The drawer sides will each have a 1x1 square steel tubing attached to both sides. This side tubing will become the rails.  This tubing rail will ride on a long row of roller bearings, as well as a row above the tubing to support the extended drawer weight.

Next I needed to fabricate (4) 1X1 steel drawer rails.  These would be mounted on the sides of the drawers, and ride on the roller bearings.  I preferred to side mount mine.  The steel tubing would true up the sides of the long drawers.  Sigh….it is so hard to find straight lumber any more….even plywood.
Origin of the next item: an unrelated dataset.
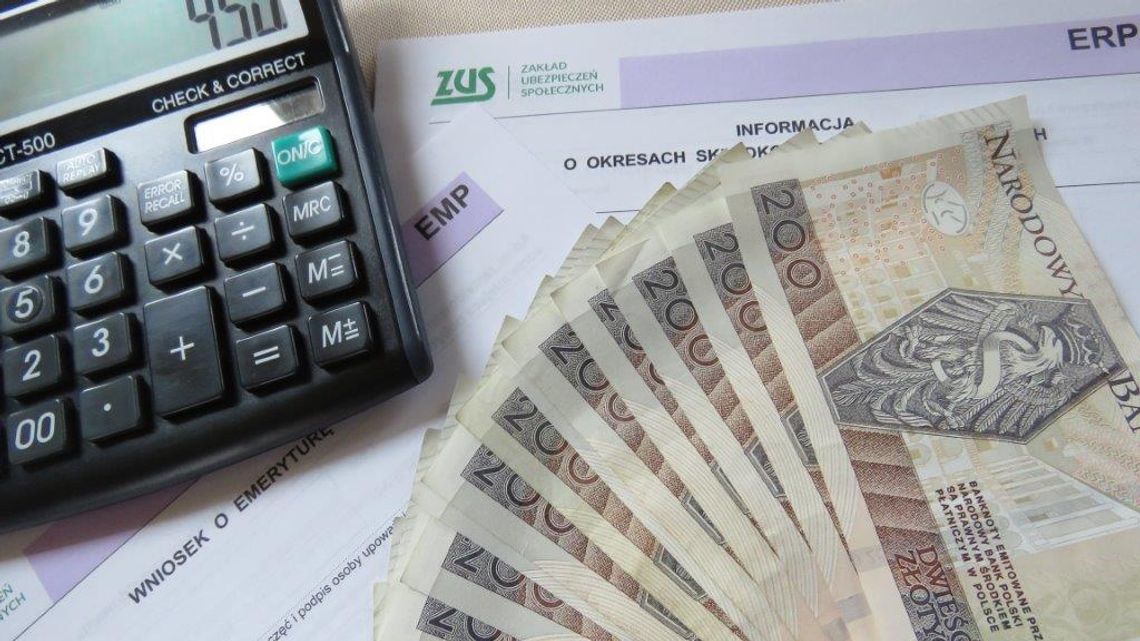  Najniższa emerytura w kujawsko-pomorskim, to 19 groszy, a najwyższa przekracza 25,3 tys. zł.  Jest to najwyższa kobieca emerytura w Polsce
I cut my steel tubing to length and marked off bolt placement.  My design would require drilling thought the tubing with a 5/16 inch bit.   Once all holes were drilled in the tubing I laid these out on my drawer sides.  They were clamped into place, marked with bolt direction, marked top, and which side of which drawer these mated up with.  Then I drilled through the holes in the tubing, and on through the side of the drawer.  This was done because no matter how well you mark and drill the tubing, none of the holes would be consistent.  The clamps were removed and brazing of the bolts was next on the agenda.
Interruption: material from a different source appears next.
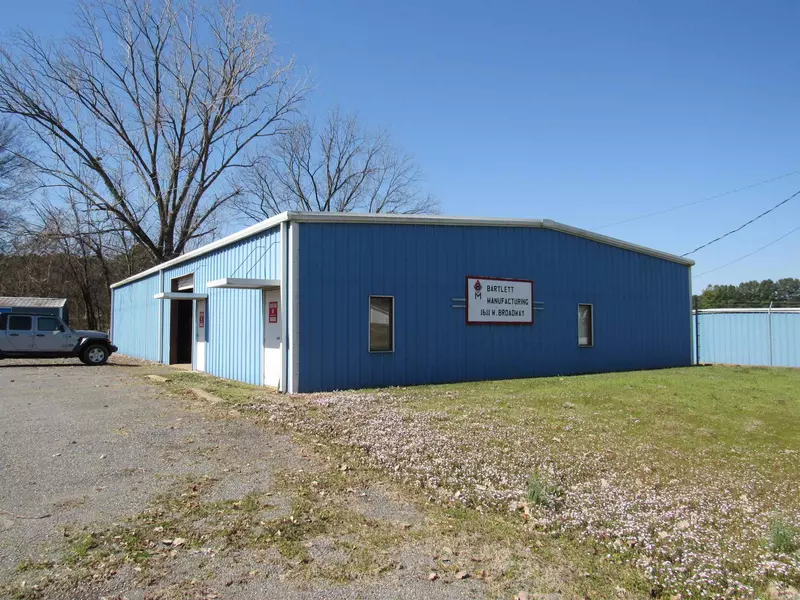 1611 W BROADWAY Street, Morrilton, AR 72110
Carriage bolts were used to make sawing the heads off easier than using a standard hex head bolt. I insert the carriage bolts through the hole, brazed the bolt on the thread side.  Then power hack sawed off the bolt head.  Once the bolt head was removed I brazed this flush cut end to the tubing…finishing off that side by hitting it with grinder to make it flush and smooth.



Here I have 4 complete rails.  They were matched up with the corresponding drawer side.  Using a rubber mallet the bolt ends were pounded into the pre-drilled holes in the drawer sides.  A flat washer and a nylon locking nut secured all bolts.  The excess threads were sawed off and ground smooth with a grinder.

Roller bearing placement was marked.  Then the roller bearings were mounted using 5/15 inch bolts, nuts, flat washers, and nylon lock nuts.  



The drawers were rough fitted and work great.  The drawers inside measurements are about 56 inches long, 20 inches wide and about 15 inches deep.  ¾ inch sides and ½ inch bottoms.

At this stage, the drawers are roughed in and actually functional.  I was able to test them out over a 3 day camping weekend.  I loaded them full.  There were Cast Iron cooking skillets and pots, tools, camp stove, etc.  All this gear was heavy stuff, to really test out the drawers.  The drawers worked great even minus the drawer fronts, handles and trim.  Those will be added soon.



I spend most of the day rough plumbing the fresh water storage tank.  The fill tube and faucet are plumbed to the side door for easy access.  Shown here you see a fill tube, pressurized faucet, vent, and a tank drain faucet.  All the lines are run including the pump and connection to the 12V RV pump.  As I said these are at the side door and overhang the step which has a plastic step liner.  The backboard where the faucets protrude will be covered in tile, stainless, or aluminum.  That way any drips or spray will end up on the step, and not on the carpeting.

Running power for the pump comes next.  I will install a fused on/off switch with neon indicator at this location to control the pump.

Plumbing and wiring all hooked up.  Tank partially filled.  Pressure tested to make sure there are no leaks.



Installed off/on switch for the pump.  I included a LED reminder indicator for when that the power is on.  See Link for detailed wiring info for the LED.  http://toponautic.blogspot.com/2013/09/the-diy-corner-led-indicator-light-for.html

Shown below is the same area covered with white cracked ice finish FRP Wallboard.  This is a non porous polyester resin material.  This was scrap left over from another project.  It was applied with contact cement.


The images below show the completed drawer fronts.  Pull handles installed.  Also each drawer has a locking latch to prevent the drawer from rolling back and forth during vehicle stopping or accelerating.  The exposed sides and deck are to be covered with gray carpeting.  Corners will be trimmed with ¾ inch aluminum angle.